The following data is to be repeated exactly, its pictures excluded.

[[ EXERCISE INPUTS open ]]

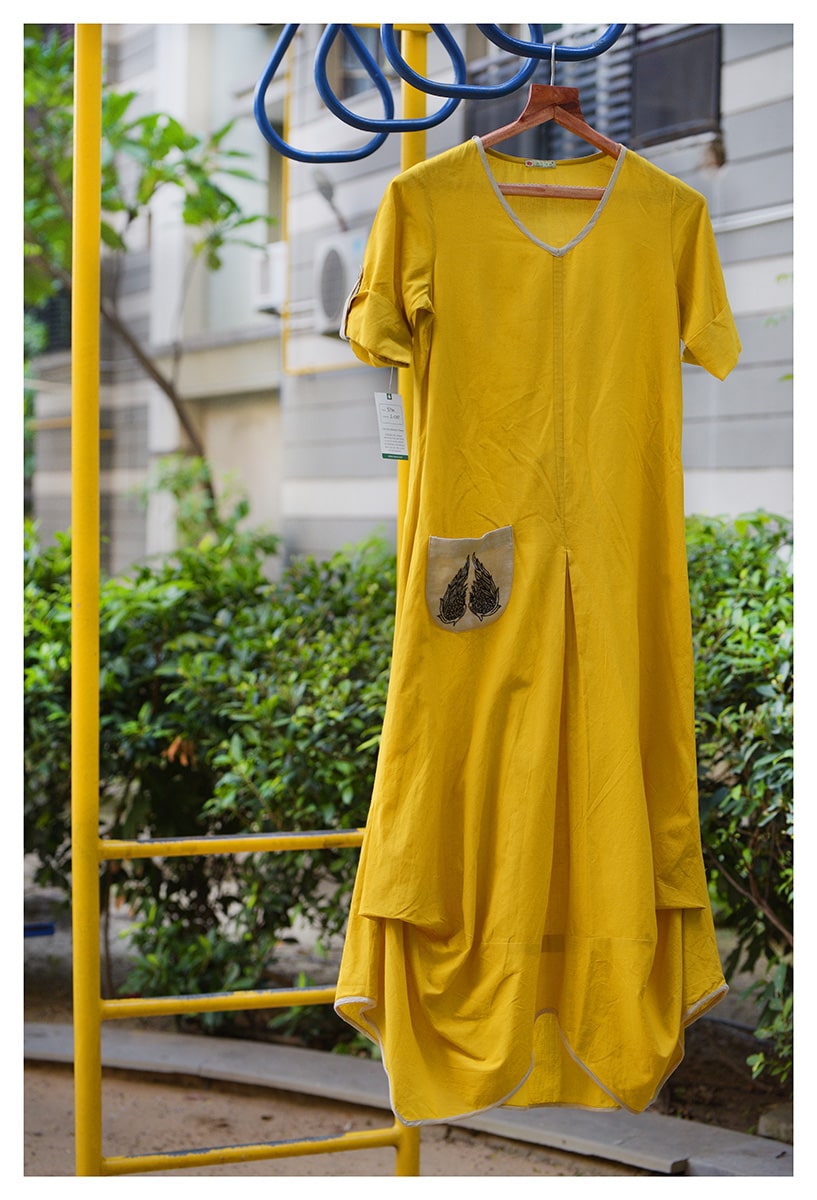 Full length draped cotton dress with hand embroidered pocket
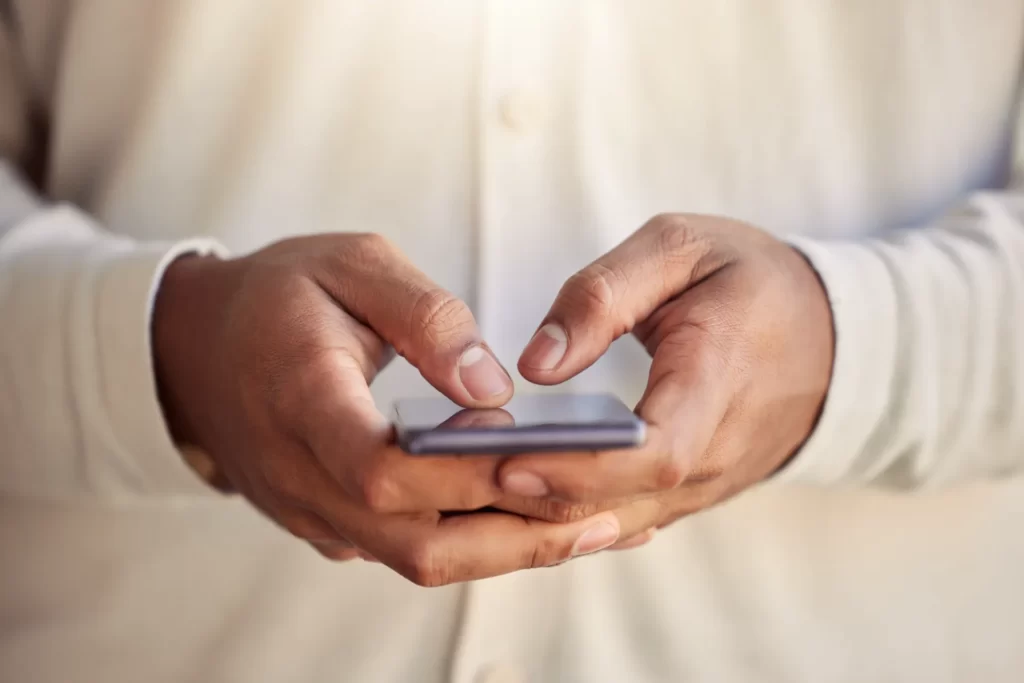close up of hands using mobile phone utc ()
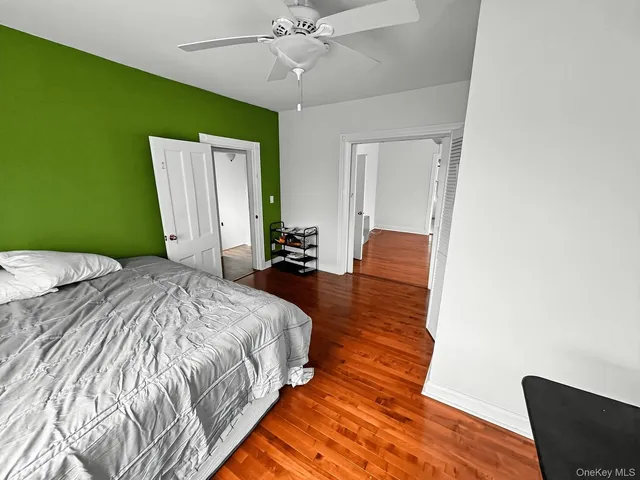 a spacious bedroom with a bed and a chair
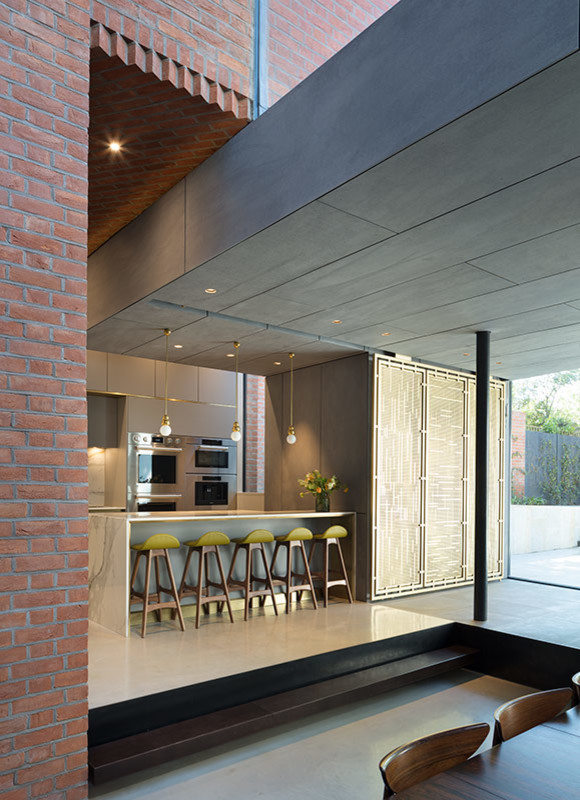Design ideas for a large contemporary l-shaped open plan kitchen in London with a submerged sink, flat-panel cabinets, grey cabinets, marble worktops, white splashback, marble splashback, stainless steel appliances, concrete flooring, an island, grey floors and white worktops.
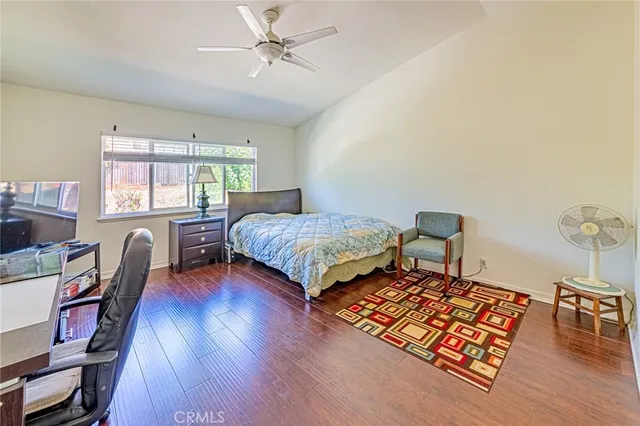 a bedroom with a bed window and a table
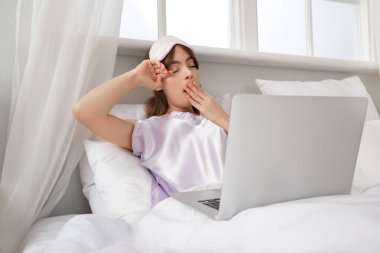 Evde dizüstü bilgisayarla uyuduktan sonra güzel bir genç kadın.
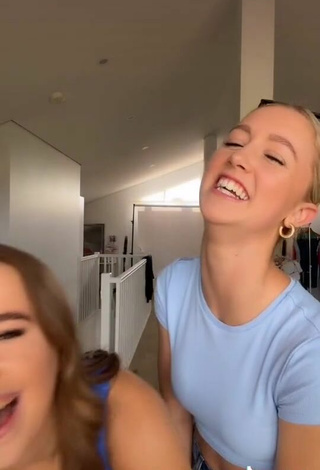 2. Sexy Caitlin Cummins Shows Cleavage in Blue Crop Top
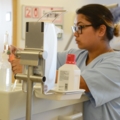 Eine diplomierte Gesundheits- und Krankenpflegerin in Arbeitskleidung arbeitet an einem medizinischen Gerät.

[[ EXERCISE INPUTS closed ]]

ANSWER TO THIS EXERCISE:
 Full length draped cotton dress with hand embroidered pocket
close up of hands using mobile phone utc ()
 a spacious bedroom with a bed and a chair
Design ideas for a large contemporary l-shaped open plan kitchen in London with a submerged sink, flat-panel cabinets, grey cabinets, marble worktops, white splashback, marble splashback, stainless steel appliances, concrete flooring, an island, grey floors and white worktops.
 a bedroom with a bed window and a table
 Evde dizüstü bilgisayarla uyuduktan sonra güzel bir genç kadın.
 2. Sexy Caitlin Cummins Shows Cleavage in Blue Crop Top
 Eine diplomierte Gesundheits- und Krankenpflegerin in Arbeitskleidung arbeitet an einem medizinischen Gerät.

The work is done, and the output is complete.